Last week the Government scrapped its plans to allow those with existing annuities to cash them in by selling them on via a proposed secondary annuity market.
When the idea was first announced by George Osborne I voiced my concerns. The scheme would have appealed to those who had been sold poor value annuities by insurance companies in the past and were now locked into them. However, did anyone really think that someone wanting to sell an annuity (which was already poor value) would get anything other than a poor price for it, probably from another insurance company? The secondary annuity market was a car crash waiting to happen as annuity customers would have been lined up to be ripped off for a second time. What happened last week was that the penny finally dropped in Westminster.
While the secondary annuity market idea was claimed to be Osborne's way of allowing existing pensioners to enjoy some of the benefits of the new pension freedoms it really was a way of avoiding tackling a systemic issue surrounding past annuity sales. While some were mis-sold by advisers many were bought straight from the insurance companies by consumers. Yet even the latter group were likely to have at least been misinformed if not mis-sold their annuities. A recent piece of research by the FCA even stated as much, yet it stopped short of saying that the problem was systemic.
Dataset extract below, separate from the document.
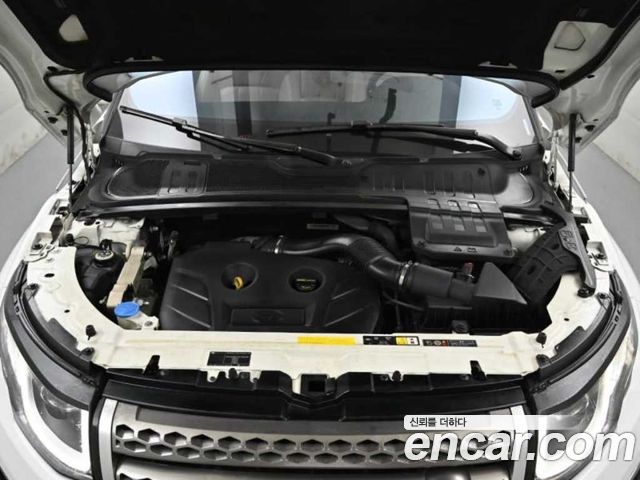 Land Rover Range Rover Evoque 2017 — photo 6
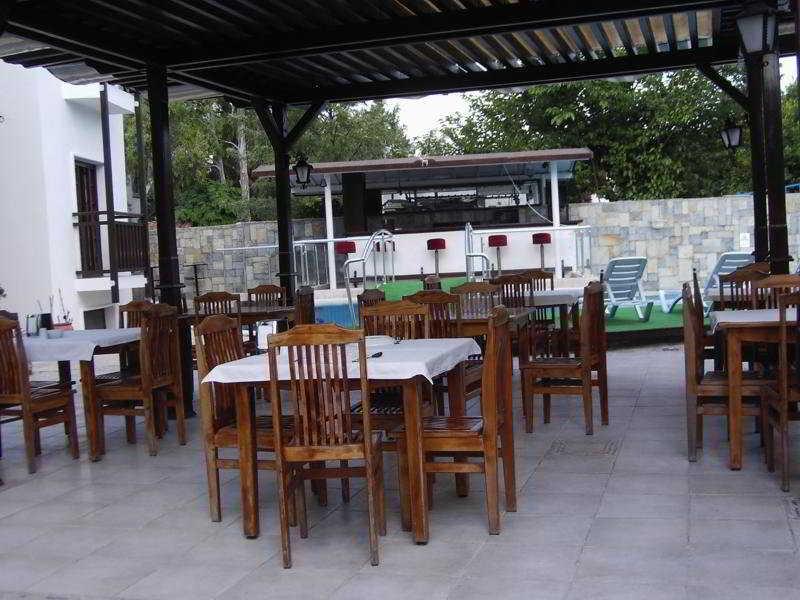 Orion Hotel Bitez Esterno foto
If existing pensioners were able to get rid of their poor value annuities for a cash lump sum then they may have felt less aggrieved. Yet two wrongs never make a right and the secondary annuity market had the potential to multiply the number of disgruntled annuity customers.
If the Government and FCA really want to do something about legacy pension products, such as annuities. then a full-scale review (muck like the previous 'pensions-review' of final salary scheme transfers) should be carried out. Bold ideas followed by sudden U-turns never helped anybody.